- _Goal of the exercise_
Copy exactly the line containing "a kitchen with" and all the lines that follow it to the end of the records, minus the pictures.

Dataset content Start Marker

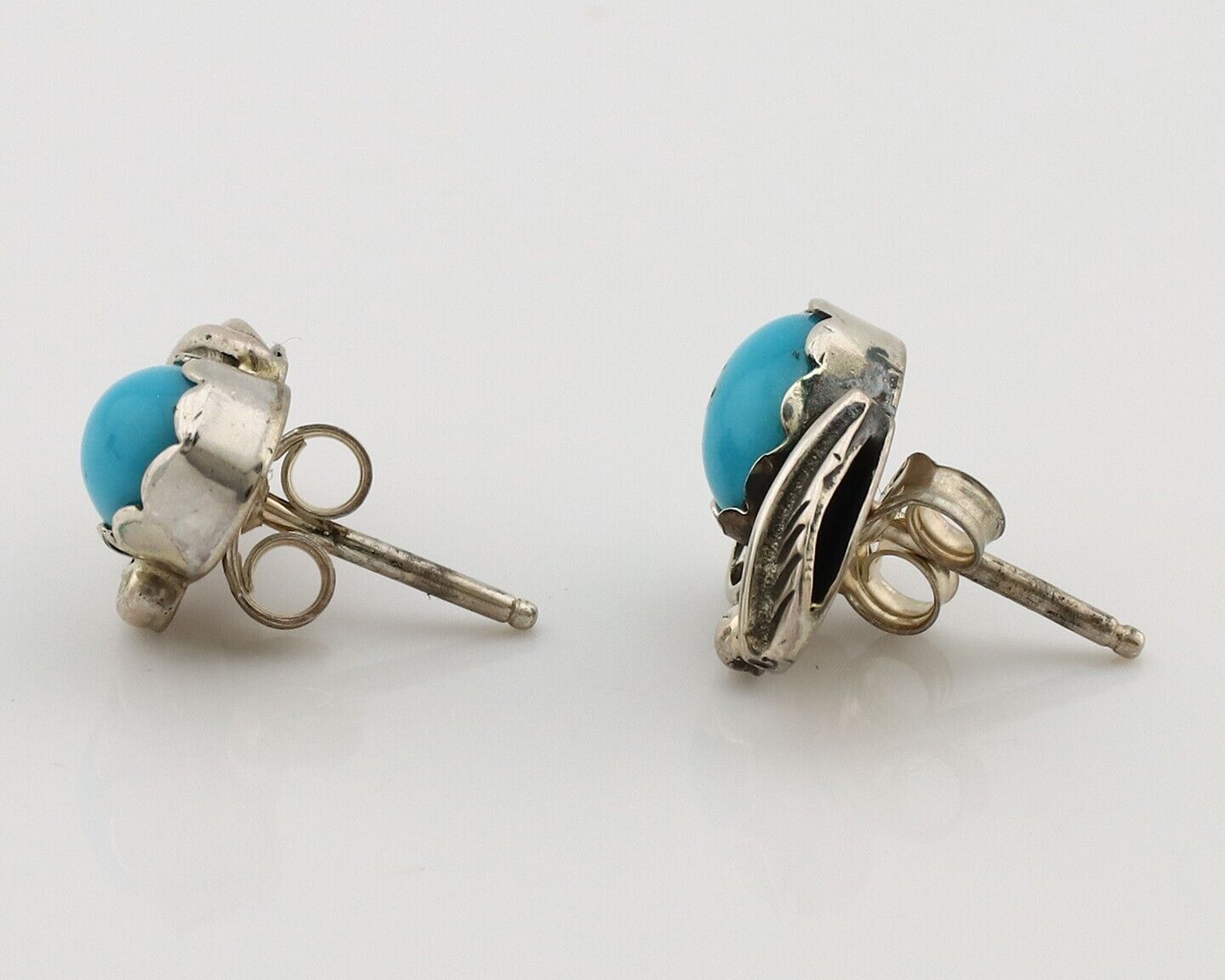 Navajo Earrings 925 Silver Natural Mined Turquoise Native American Artist C.80's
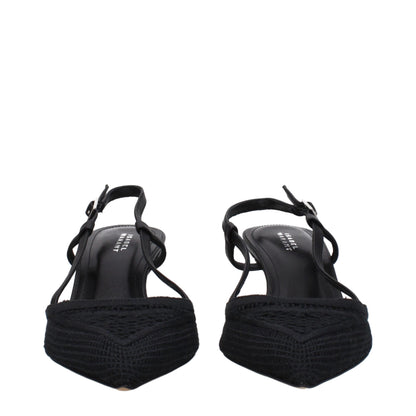 Black Fabric Mid Heel Pumps
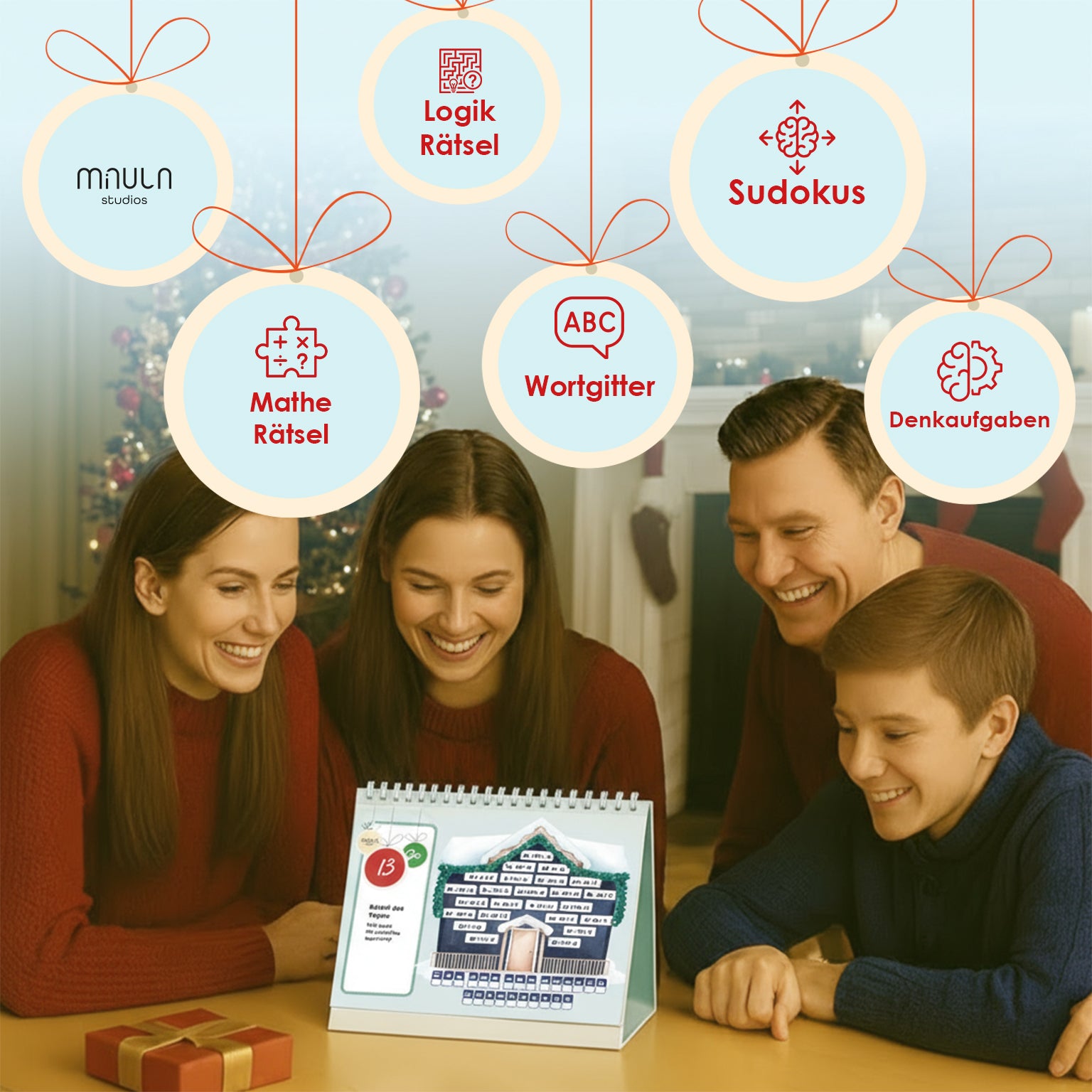 Rätsel Adventskalender 2025, 24 Logik- & Bildrätsel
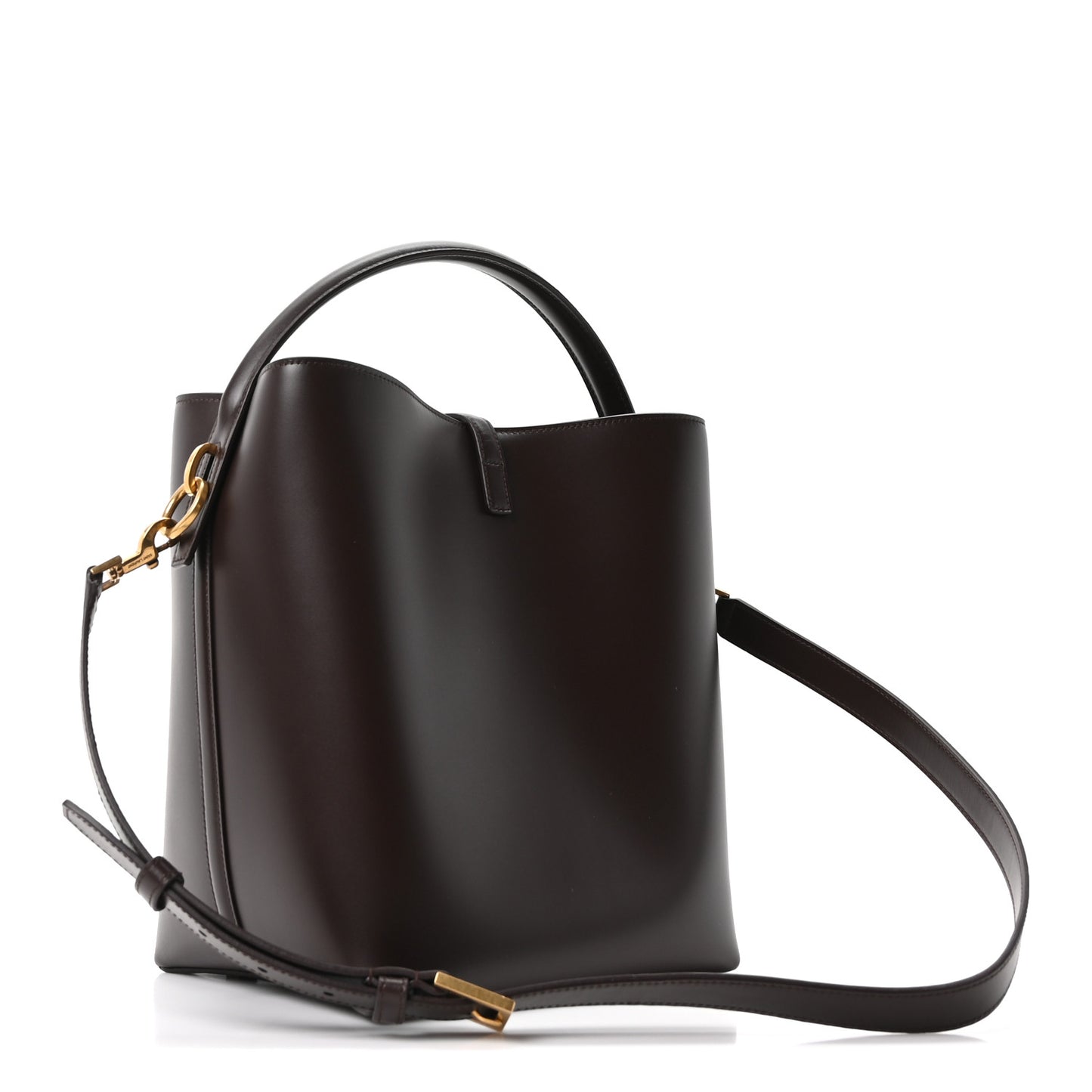 Shiny Calfskin Le 37 Bucket Bag Arabica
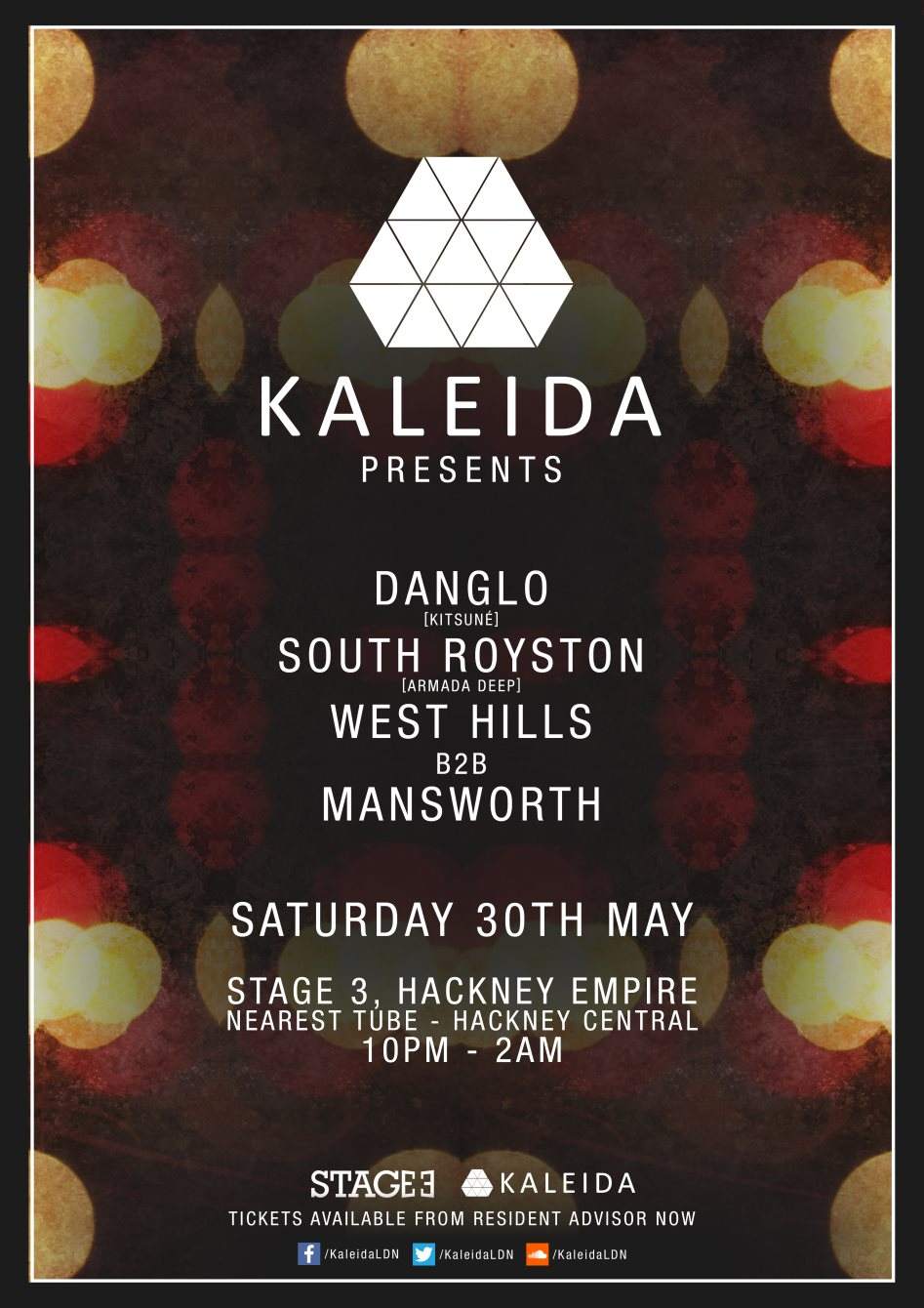 Kaleida presents: Danglo, South Royston, West Hills, Mansworth - フライヤー表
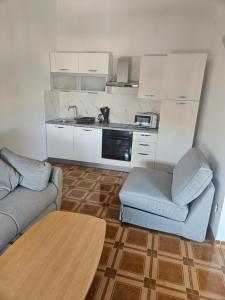a kitchen with a couch and a table in a room at Apartments Nada in Vir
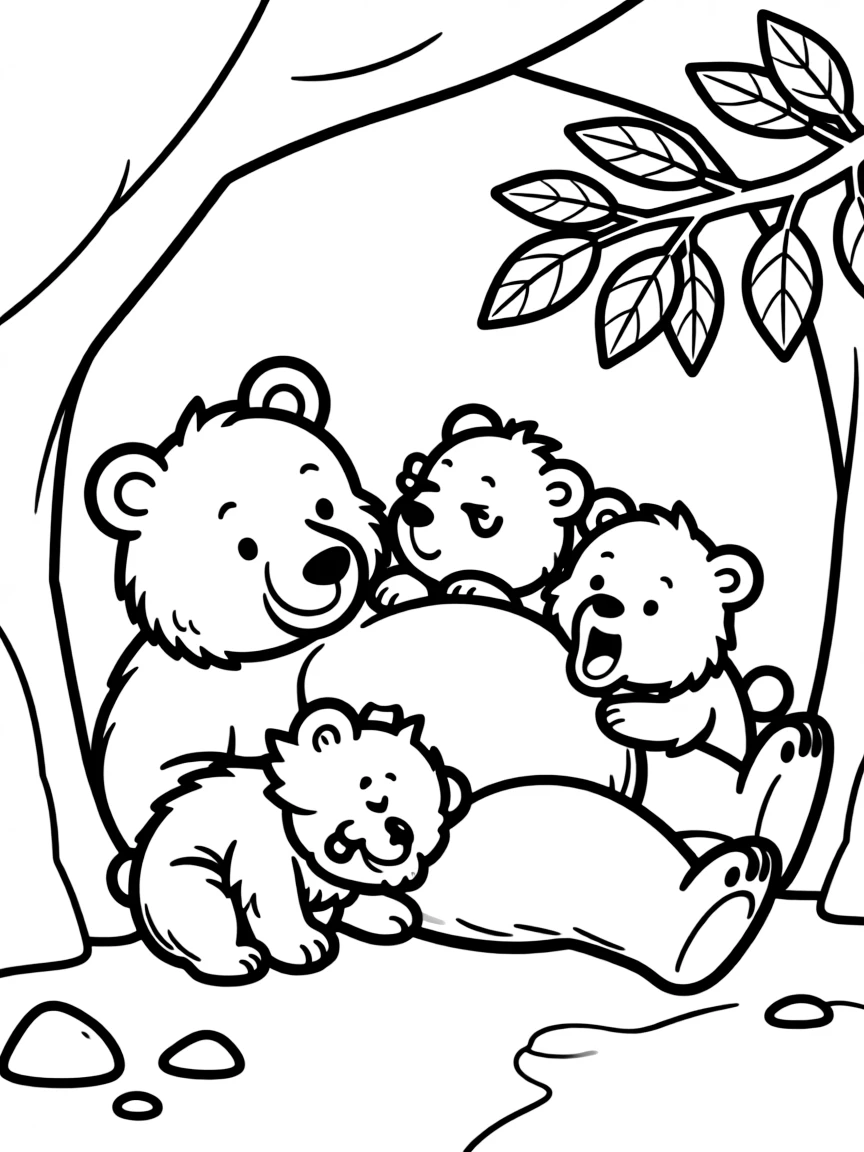 A bear family resting in a cave.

Dataset content End Marker

- _Written solution_
a kitchen with a couch and a table in a room at Apartments Nada in Vir
 A bear family resting in a cave.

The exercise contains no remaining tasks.